Nikon Makes Special Firmware for Astronauts to Block Galactic Cosmic Rays in Photos

Cosmic Rays Nikon

Space travel requires instruments made on Earth to be specially adapted to the harsh extra-terrestrial world — and that includes tweaking a camera’s software.

In an exclusive interview with PetaPixel, astronaut Don Pettit reveals the changes that Nikon makes to its firmware especially for NASA.

Galactic cosmic rays are high-energy particles that originate from outside the solar system that likely come from explosive events such as a supernova. They are bad news for cameras in space — damaging the sensor and spoiling photos — so Nikon made special firmware for NASA to limit the harm.

Pettit tells PetaPixel that Nikon changed the in-camera noise reduction settings to battle the cosmic rays — noise is unwanted texture and blur on photos.

Normal cameras have in-camera noise reduction for exposures equal to or longer than one second. This is because camera manufacturers don’t think photographers need noise reduction for shorter exposures because there’s no noise to reduce. But in space, that’s not true.

“Our cameras in space get sensor damage from galactic cosmic rays and after about six months we replace all the cameras but you still have cameras with significant cosmic ray damage,” explains Pettit.

“It shows up at fast shutter speeds, not just the slow ones. So we got Nikon to change the algorithm so that it can do in-camera noise reduction at shutter speeds of up to 500th of a second.”

Pettit says Nikon’s in-camera noise reduction “does wonders” for getting rid of the cosmic ray damage and that “trying to get rid of it after the fact is really difficult.”

Lightning Bugs by Don Pettit; a photo he shot onboard the ISS in 2012.

That’s not the only special firmware feature that Nikon makes for NASA; photographers who shoot enough photos know that the file naming system resets itself eventually which is no good for the space agency’s astronauts.

“The file naming system on a standard digital system will repeat every so often and we can’t have two pictures with the same number,” explains Pettit.

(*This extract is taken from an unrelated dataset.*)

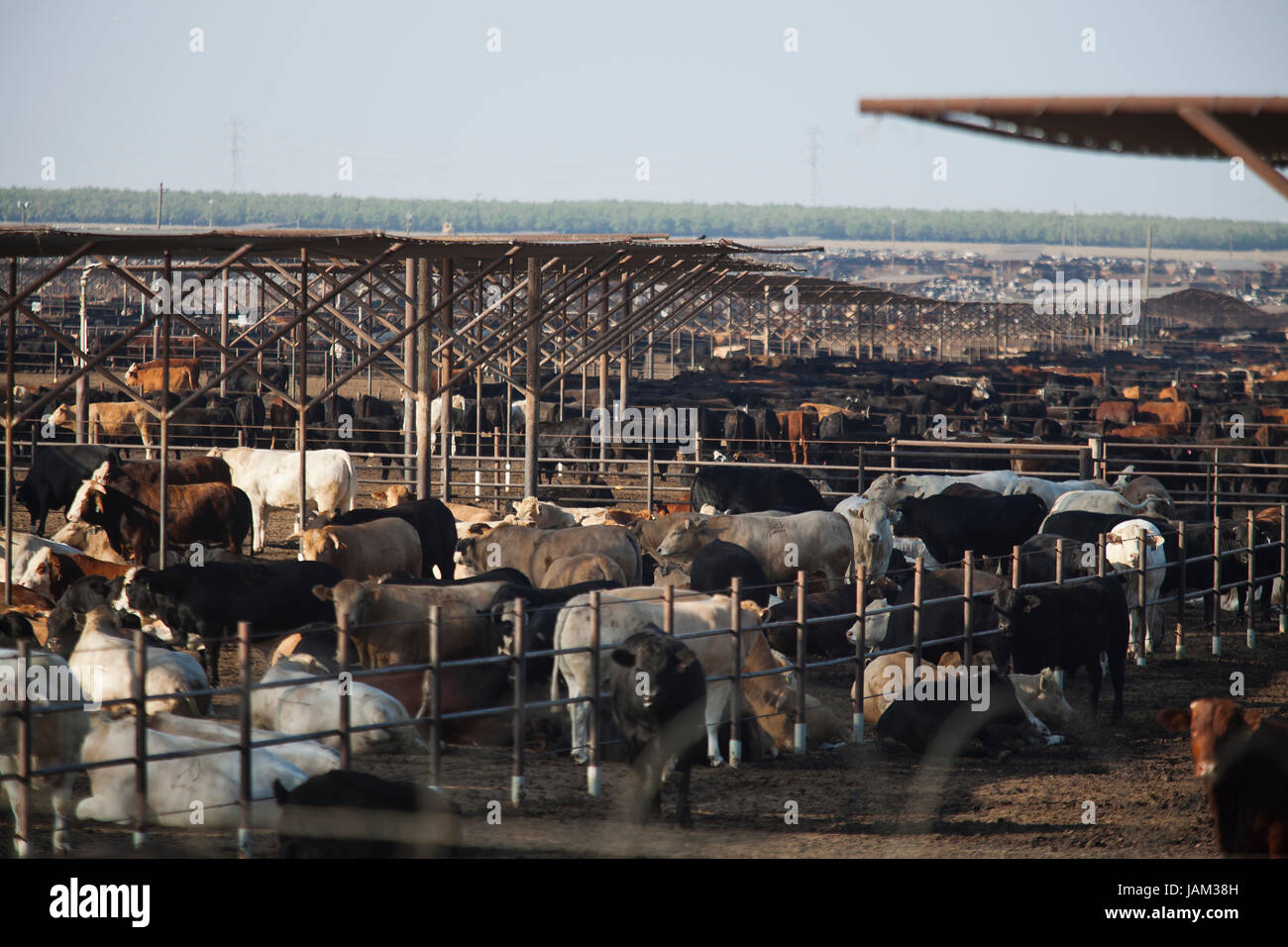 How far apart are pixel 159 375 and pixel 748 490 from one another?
18.3 metres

“We’ll take half a million pictures with the crew on orbit and so Nikon has changed the way the RAW files are numbered so that there will be no two with the same file number.”

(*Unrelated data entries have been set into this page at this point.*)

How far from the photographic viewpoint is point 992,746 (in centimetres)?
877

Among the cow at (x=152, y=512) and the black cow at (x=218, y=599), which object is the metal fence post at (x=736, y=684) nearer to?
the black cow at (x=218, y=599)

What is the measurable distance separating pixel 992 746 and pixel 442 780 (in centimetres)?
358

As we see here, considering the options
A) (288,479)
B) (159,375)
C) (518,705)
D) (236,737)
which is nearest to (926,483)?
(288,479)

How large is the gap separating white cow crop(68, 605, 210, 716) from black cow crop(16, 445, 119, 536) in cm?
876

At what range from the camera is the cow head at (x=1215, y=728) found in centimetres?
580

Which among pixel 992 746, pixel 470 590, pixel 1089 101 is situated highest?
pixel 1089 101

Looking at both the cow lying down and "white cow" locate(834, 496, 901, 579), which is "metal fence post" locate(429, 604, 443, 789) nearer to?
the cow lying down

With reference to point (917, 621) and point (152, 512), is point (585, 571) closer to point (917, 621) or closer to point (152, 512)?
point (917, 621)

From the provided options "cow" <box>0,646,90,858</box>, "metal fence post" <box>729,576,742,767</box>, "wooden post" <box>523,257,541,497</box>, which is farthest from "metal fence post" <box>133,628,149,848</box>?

NASA is a Nikon Space Agency

Although NASA famously used Hasselblads during the Apollo era, it began using Nikon film cameras, like the F3, shortly afterward and has stayed with the Japanese manufacturer ever since; in part because Nikon is so good at making custom modifications that help the astronauts.

Pettit reveals that onboard the International Space Station (ISS) the crew has “12 to 15” Nikon D5s

“And then a whole slew of lenses, the FX lenses from the 8mm fisheye — which is one of my favorites — to 14mm all the way up to a prime 1200mm lens,” he adds.

“We’re in the process of switching over to the Z9 and we’re going to slowly replace the lenses with the Z lenses, initially replacing the lenses that require the mechanical autofocus.

“The D-series cameras have a little mechanical drive system that drives the focus mechanism in a lot of the earlier autofocus lenses and those are going to be the first candidates to be replaced with the Z lenses.”

Pettit is a veteran of three spaceflights and remains an active astronaut at 68 years old. He is also an accomplished astrophotographer known for incredible images he took while onboard the ISS.

Don Pettit surrounded by cameras
A famous photo of Don Pettit on Expedition 30/31 in 2011 surrounded by Nikon D3s in microgravity.

Pettit recently spoke with PetaPixel about capturing a “lucky shot” of a plane passing in front of the Sun as he was taking photos of the solar disk from Earth.